I want to use the fact that my dataframes are already sorted by a key used for join.
df1.join(df2, df1.sorted_key == df2.sorted_key)
Both dataframes are large, BHJ or SHJ is not an option (SHJ crashes instead of spills)
How to hint Spark that the joined column is already sorted? I read from SO that hive+bucket+pre-sort helps. However I can't see where the dataframe store its sort status.
df = session.createDataFrame([
('Alice', 1),
('Bob', 2)
])
df.printSchema()
root
|-- _1: string (nullable = true)
|-- _2: long (nullable = true)
df = df.sort('_1')
df.printSchema()
root
|-- _1: string (nullable = true)
|-- _2: long (nullable = true)
^ Even when I manually sort on the column _1, the dataframe doesn't seem to remember it's sorted by _1.
Also,
How does Spark know the sorted status?
Does a parquet dataset (without hive metadata) remember which columns are sorted?
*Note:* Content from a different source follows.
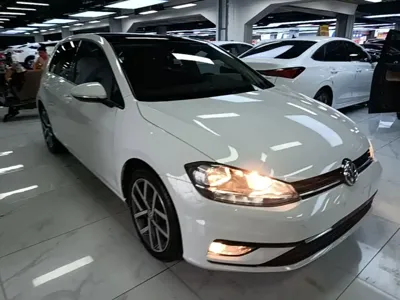Volkswagen Golf 2020, 49300 км, за 10089.82 USD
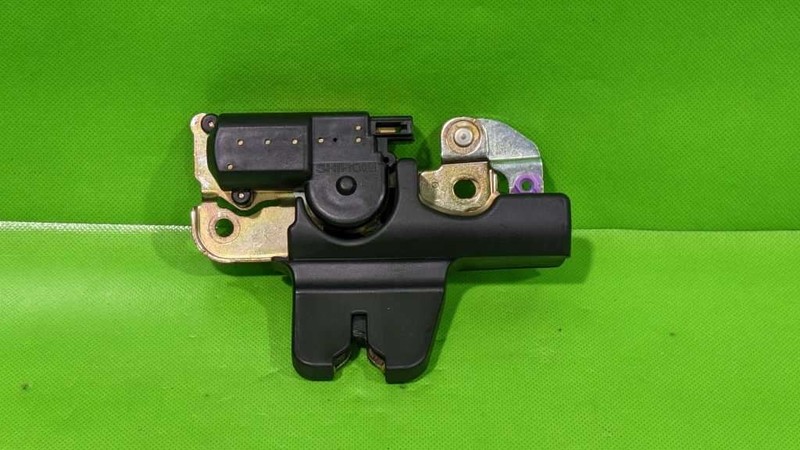 00-04 AVALON TRUNK LOCK LATCH OEM 4589-25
Does Spark recognize it?
How does Hive + bucket + pre-sort help skip sort?
Can I use Hive + pre-sort without bucketing to skip sort?
I saw in the databricks talk Spark bucketing has many limitations and is different from Hive bucketing. Is Hive bucketing preferred?
The optimization talk by Databricks says never use bucketing because it is too hard to maintain in practice. Is it true?